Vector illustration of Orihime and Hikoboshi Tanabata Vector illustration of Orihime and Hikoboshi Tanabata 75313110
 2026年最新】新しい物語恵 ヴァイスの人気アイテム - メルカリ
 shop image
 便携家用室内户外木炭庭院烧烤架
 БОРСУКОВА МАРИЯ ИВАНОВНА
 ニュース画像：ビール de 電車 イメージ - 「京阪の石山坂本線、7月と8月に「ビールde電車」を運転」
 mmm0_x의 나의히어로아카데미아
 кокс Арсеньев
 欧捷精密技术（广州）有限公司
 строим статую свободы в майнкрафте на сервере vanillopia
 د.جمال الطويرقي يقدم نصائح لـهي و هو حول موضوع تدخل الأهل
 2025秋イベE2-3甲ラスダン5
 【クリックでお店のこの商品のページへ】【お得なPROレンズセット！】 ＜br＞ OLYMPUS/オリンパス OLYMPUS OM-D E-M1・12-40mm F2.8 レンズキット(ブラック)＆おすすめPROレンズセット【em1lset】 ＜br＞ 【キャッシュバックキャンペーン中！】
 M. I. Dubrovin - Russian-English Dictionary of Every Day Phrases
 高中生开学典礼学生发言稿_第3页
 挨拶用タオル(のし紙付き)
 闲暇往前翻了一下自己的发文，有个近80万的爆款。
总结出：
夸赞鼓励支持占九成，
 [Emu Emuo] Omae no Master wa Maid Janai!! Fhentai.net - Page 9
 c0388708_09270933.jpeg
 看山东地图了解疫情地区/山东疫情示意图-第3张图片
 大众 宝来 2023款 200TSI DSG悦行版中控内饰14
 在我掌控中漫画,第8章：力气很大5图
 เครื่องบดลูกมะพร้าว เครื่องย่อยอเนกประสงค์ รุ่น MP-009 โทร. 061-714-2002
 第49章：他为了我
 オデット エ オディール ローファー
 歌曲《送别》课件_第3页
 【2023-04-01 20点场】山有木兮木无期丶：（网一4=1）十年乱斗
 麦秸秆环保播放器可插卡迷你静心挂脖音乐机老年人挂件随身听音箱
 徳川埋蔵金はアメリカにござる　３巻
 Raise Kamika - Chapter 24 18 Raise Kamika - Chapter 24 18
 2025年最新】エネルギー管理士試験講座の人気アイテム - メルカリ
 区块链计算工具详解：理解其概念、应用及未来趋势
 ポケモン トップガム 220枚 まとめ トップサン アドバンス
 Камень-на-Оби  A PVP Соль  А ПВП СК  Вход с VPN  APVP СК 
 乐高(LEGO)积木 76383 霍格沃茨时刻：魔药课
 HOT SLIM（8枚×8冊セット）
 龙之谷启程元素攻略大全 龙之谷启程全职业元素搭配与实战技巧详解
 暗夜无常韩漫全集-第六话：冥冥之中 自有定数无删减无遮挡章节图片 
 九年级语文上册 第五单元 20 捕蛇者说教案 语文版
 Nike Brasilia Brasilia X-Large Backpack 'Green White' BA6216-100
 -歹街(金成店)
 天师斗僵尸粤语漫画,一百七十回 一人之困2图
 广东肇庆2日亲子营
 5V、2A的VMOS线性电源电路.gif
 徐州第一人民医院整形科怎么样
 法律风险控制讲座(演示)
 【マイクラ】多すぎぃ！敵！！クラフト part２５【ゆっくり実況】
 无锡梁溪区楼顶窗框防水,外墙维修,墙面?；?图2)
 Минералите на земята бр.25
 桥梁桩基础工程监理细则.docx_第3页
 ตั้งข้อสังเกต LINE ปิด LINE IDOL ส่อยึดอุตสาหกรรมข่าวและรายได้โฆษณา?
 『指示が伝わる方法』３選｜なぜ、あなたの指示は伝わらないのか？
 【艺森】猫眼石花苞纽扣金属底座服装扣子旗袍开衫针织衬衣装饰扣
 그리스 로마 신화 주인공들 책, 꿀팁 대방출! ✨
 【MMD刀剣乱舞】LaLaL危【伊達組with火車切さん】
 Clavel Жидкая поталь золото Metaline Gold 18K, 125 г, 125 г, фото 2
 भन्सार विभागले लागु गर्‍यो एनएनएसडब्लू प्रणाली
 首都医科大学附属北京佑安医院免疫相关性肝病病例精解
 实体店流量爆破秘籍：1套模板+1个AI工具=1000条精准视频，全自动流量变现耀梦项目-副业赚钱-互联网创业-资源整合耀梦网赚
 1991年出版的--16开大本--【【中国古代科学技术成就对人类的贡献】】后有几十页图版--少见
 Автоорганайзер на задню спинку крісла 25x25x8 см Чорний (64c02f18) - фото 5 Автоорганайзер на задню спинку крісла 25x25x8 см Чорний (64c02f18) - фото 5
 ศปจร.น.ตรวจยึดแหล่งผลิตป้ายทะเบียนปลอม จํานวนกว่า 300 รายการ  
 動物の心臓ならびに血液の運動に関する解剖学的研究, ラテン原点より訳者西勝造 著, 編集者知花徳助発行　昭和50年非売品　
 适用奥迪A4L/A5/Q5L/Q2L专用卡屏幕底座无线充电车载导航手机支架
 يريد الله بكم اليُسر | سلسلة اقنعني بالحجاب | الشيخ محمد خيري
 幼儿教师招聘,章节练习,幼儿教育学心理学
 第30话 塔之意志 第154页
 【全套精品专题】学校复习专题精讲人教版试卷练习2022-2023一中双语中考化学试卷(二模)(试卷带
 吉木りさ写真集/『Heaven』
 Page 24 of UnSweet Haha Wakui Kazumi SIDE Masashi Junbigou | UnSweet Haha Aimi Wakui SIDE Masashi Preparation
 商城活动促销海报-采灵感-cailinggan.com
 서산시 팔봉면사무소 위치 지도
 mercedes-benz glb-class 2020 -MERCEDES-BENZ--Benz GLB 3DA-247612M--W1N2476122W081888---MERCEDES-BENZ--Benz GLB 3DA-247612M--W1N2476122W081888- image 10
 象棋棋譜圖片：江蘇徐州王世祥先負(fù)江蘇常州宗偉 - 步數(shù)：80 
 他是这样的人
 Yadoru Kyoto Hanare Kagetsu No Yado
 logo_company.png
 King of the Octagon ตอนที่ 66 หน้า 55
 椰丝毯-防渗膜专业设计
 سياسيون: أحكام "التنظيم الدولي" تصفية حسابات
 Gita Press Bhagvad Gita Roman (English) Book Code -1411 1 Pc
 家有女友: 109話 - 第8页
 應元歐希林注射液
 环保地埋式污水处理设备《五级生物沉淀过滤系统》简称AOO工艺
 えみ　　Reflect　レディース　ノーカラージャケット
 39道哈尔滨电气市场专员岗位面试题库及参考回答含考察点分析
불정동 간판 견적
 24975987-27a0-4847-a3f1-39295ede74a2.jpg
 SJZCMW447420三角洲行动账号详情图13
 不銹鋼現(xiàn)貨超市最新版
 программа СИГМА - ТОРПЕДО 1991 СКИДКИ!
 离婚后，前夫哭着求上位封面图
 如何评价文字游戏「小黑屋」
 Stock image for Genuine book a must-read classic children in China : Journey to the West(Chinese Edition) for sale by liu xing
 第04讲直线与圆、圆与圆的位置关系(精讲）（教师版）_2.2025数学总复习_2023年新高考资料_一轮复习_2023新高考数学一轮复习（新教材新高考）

# # # # #

# To do
The expected output is an exact copy of all the records above.

# Task answer
Vector illustration of Orihime and Hikoboshi Tanabata Vector illustration of Orihime and Hikoboshi Tanabata 75313110
 2026年最新】新しい物語恵 ヴァイスの人気アイテム - メルカリ
 shop image
 便携家用室内户外木炭庭院烧烤架
 БОРСУКОВА МАРИЯ ИВАНОВНА
 ニュース画像：ビール de 電車 イメージ - 「京阪の石山坂本線、7月と8月に「ビールde電車」を運転」
 mmm0_x의 나의히어로아카데미아
 кокс Арсеньев
 欧捷精密技术（广州）有限公司
 строим статую свободы в майнкрафте на сервере vanillopia
 د.جمال الطويرقي يقدم نصائح لـهي و هو حول موضوع تدخل الأهل
 2025秋イベE2-3甲ラスダン5
 【クリックでお店のこの商品のページへ】【お得なPROレンズセット！】 ＜br＞ OLYMPUS/オリンパス OLYMPUS OM-D E-M1・12-40mm F2.8 レンズキット(ブラック)＆おすすめPROレンズセット【em1lset】 ＜br＞ 【キャッシュバックキャンペーン中！】
 M. I. Dubrovin - Russian-English Dictionary of Every Day Phrases
 高中生开学典礼学生发言稿_第3页
 挨拶用タオル(のし紙付き)
 闲暇往前翻了一下自己的发文，有个近80万的爆款。
总结出：
夸赞鼓励支持占九成，
 [Emu Emuo] Omae no Master wa Maid Janai!! Fhentai.net - Page 9
 c0388708_09270933.jpeg
 看山东地图了解疫情地区/山东疫情示意图-第3张图片
 大众 宝来 2023款 200TSI DSG悦行版中控内饰14
 在我掌控中漫画,第8章：力气很大5图
 เครื่องบดลูกมะพร้าว เครื่องย่อยอเนกประสงค์ รุ่น MP-009 โทร. 061-714-2002
 第49章：他为了我
 オデット エ オディール ローファー
 歌曲《送别》课件_第3页
 【2023-04-01 20点场】山有木兮木无期丶：（网一4=1）十年乱斗
 麦秸秆环保播放器可插卡迷你静心挂脖音乐机老年人挂件随身听音箱
 徳川埋蔵金はアメリカにござる　３巻
 Raise Kamika - Chapter 24 18 Raise Kamika - Chapter 24 18
 2025年最新】エネルギー管理士試験講座の人気アイテム - メルカリ
 区块链计算工具详解：理解其概念、应用及未来趋势
 ポケモン トップガム 220枚 まとめ トップサン アドバンス
 Камень-на-Оби  A PVP Соль  А ПВП СК  Вход с VPN  APVP СК 
 乐高(LEGO)积木 76383 霍格沃茨时刻：魔药课
 HOT SLIM（8枚×8冊セット）
 龙之谷启程元素攻略大全 龙之谷启程全职业元素搭配与实战技巧详解
 暗夜无常韩漫全集-第六话：冥冥之中 自有定数无删减无遮挡章节图片 
 九年级语文上册 第五单元 20 捕蛇者说教案 语文版
 Nike Brasilia Brasilia X-Large Backpack 'Green White' BA6216-100
 -歹街(金成店)
 天师斗僵尸粤语漫画,一百七十回 一人之困2图
 广东肇庆2日亲子营
 5V、2A的VMOS线性电源电路.gif
 徐州第一人民医院整形科怎么样
 法律风险控制讲座(演示)
 【マイクラ】多すぎぃ！敵！！クラフト part２５【ゆっくり実況】
 无锡梁溪区楼顶窗框防水,外墙维修,墙面?；?图2)
 Минералите на земята бр.25
 桥梁桩基础工程监理细则.docx_第3页
 ตั้งข้อสังเกต LINE ปิด LINE IDOL ส่อยึดอุตสาหกรรมข่าวและรายได้โฆษณา?
 『指示が伝わる方法』３選｜なぜ、あなたの指示は伝わらないのか？
 【艺森】猫眼石花苞纽扣金属底座服装扣子旗袍开衫针织衬衣装饰扣
 그리스 로마 신화 주인공들 책, 꿀팁 대방출! ✨
 【MMD刀剣乱舞】LaLaL危【伊達組with火車切さん】
 Clavel Жидкая поталь золото Metaline Gold 18K, 125 г, 125 г, фото 2
 भन्सार विभागले लागु गर्‍यो एनएनएसडब्लू प्रणाली
 首都医科大学附属北京佑安医院免疫相关性肝病病例精解
 实体店流量爆破秘籍：1套模板+1个AI工具=1000条精准视频，全自动流量变现耀梦项目-副业赚钱-互联网创业-资源整合耀梦网赚
 1991年出版的--16开大本--【【中国古代科学技术成就对人类的贡献】】后有几十页图版--少见
 Автоорганайзер на задню спинку крісла 25x25x8 см Чорний (64c02f18) - фото 5 Автоорганайзер на задню спинку крісла 25x25x8 см Чорний (64c02f18) - фото 5
 ศปจร.น.ตรวจยึดแหล่งผลิตป้ายทะเบียนปลอม จํานวนกว่า 300 รายการ  
 動物の心臓ならびに血液の運動に関する解剖学的研究, ラテン原点より訳者西勝造 著, 編集者知花徳助発行　昭和50年非売品　
 适用奥迪A4L/A5/Q5L/Q2L专用卡屏幕底座无线充电车载导航手机支架
 يريد الله بكم اليُسر | سلسلة اقنعني بالحجاب | الشيخ محمد خيري
 幼儿教师招聘,章节练习,幼儿教育学心理学
 第30话 塔之意志 第154页
 【全套精品专题】学校复习专题精讲人教版试卷练习2022-2023一中双语中考化学试卷(二模)(试卷带
 吉木りさ写真集/『Heaven』
 Page 24 of UnSweet Haha Wakui Kazumi SIDE Masashi Junbigou | UnSweet Haha Aimi Wakui SIDE Masashi Preparation
 商城活动促销海报-采灵感-cailinggan.com
 서산시 팔봉면사무소 위치 지도
 mercedes-benz glb-class 2020 -MERCEDES-BENZ--Benz GLB 3DA-247612M--W1N2476122W081888---MERCEDES-BENZ--Benz GLB 3DA-247612M--W1N2476122W081888- image 10
 象棋棋譜圖片：江蘇徐州王世祥先負(fù)江蘇常州宗偉 - 步數(shù)：80 
 他是这样的人
 Yadoru Kyoto Hanare Kagetsu No Yado
 logo_company.png
 King of the Octagon ตอนที่ 66 หน้า 55
 椰丝毯-防渗膜专业设计
 سياسيون: أحكام "التنظيم الدولي" تصفية حسابات
 Gita Press Bhagvad Gita Roman (English) Book Code -1411 1 Pc
 家有女友: 109話 - 第8页
 應元歐希林注射液
 环保地埋式污水处理设备《五级生物沉淀过滤系统》简称AOO工艺
 えみ　　Reflect　レディース　ノーカラージャケット
 39道哈尔滨电气市场专员岗位面试题库及参考回答含考察点分析
불정동 간판 견적
 24975987-27a0-4847-a3f1-39295ede74a2.jpg
 SJZCMW447420三角洲行动账号详情图13
 不銹鋼現(xiàn)貨超市最新版
 программа СИГМА - ТОРПЕДО 1991 СКИДКИ!
 离婚后，前夫哭着求上位封面图
 如何评价文字游戏「小黑屋」
 Stock image for Genuine book a must-read classic children in China : Journey to the West(Chinese Edition) for sale by liu xing
 第04讲直线与圆、圆与圆的位置关系(精讲）（教师版）_2.2025数学总复习_2023年新高考资料_一轮复习_2023新高考数学一轮复习（新教材新高考）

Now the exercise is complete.